アレクサンドロスは『アジアの解放』を名目にギリシャからペルシャへと侵攻しました。
その7年もの歳月と約3000kmにも及ぶ大遠征の様子を順を追ってご紹介します。
グラニコス川の戦い
紀元前334年、3万7000のギリシャ連合軍を率いてアナトリア地方(現トルコ)に入りました。
そこで初戦の舞台となったのが、グラニコス川でした。
川を隔てた対陣のため、隊列が乱れる恐れがありましたが、アレクサンドロスは自ら先頭に立ち騎兵とともに突撃します。

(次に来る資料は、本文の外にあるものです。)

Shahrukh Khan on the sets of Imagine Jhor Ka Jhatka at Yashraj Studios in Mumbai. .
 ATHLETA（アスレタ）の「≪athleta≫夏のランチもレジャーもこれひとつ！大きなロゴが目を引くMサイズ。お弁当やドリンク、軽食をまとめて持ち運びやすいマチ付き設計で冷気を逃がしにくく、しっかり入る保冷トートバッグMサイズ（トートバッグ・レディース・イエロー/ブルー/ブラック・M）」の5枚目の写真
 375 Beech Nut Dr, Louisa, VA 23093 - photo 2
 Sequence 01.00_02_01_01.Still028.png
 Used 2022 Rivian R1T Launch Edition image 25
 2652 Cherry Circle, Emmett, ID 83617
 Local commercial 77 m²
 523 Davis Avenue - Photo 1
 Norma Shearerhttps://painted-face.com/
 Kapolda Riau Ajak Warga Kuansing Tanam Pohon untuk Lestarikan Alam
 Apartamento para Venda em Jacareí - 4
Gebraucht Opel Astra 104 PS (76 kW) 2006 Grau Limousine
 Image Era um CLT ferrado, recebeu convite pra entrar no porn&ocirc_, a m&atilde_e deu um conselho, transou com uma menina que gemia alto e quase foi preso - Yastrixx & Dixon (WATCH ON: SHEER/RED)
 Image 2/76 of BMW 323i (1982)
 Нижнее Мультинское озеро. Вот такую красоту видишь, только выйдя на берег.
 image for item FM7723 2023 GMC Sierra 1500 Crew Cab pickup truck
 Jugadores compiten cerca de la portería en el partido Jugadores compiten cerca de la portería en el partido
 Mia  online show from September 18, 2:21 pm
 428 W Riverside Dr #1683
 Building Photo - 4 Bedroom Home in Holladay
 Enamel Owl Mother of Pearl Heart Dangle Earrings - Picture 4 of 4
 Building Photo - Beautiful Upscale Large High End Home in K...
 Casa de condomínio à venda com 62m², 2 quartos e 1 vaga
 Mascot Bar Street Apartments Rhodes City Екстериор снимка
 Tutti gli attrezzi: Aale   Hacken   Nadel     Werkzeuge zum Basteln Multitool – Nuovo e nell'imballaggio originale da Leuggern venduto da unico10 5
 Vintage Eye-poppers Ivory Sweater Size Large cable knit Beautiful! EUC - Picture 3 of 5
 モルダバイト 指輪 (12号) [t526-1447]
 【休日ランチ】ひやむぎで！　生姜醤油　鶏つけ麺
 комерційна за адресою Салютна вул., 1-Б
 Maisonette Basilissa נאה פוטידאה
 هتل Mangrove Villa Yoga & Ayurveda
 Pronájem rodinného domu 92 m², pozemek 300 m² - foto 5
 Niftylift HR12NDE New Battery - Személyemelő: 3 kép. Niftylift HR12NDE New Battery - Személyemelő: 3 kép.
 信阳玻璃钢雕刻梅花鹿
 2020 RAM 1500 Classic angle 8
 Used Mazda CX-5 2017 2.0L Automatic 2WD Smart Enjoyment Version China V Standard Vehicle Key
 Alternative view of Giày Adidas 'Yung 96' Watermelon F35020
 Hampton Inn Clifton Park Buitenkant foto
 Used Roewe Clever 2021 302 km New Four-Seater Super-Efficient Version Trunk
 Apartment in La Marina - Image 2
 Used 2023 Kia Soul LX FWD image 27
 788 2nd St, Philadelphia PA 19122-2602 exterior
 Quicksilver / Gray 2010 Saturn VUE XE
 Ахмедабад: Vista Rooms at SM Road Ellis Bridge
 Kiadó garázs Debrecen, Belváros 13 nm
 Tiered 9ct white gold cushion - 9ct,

途中、ペルシャ軍の弓矢部隊におされながらも川を渡りきり威嚇を崩します。
大将自ら先頭に立って迫って来るギリシャ軍に対して、ペルシャ軍の隊列は大いに乱れました。
激闘の末、勝利を納めます。
アレクサンドロスのカリスマ性を高めた戦いとなりました。
イッソスの戦い
紀元前333年、アレクサンドロスはペルシャ帝国の君主ダレイオス3世と戦います。
後に、絵画の出土から有名となる『イッソスの戦い』です。
グラニコス川の戦いで敗戦したダレイオス3世は、軍を増強し自ら指揮をとることになります。
一方、進軍を進めるアレクサンドロスですが、ダレイオス3世が補給線を断ち切るように進軍したため、引き返しながらイッソスでの戦闘に備えました。
ダレイオス3世率いるペルシャ軍10万、アレクサンドロス率いるギリシャ軍4万という数では圧倒的不利な戦いです。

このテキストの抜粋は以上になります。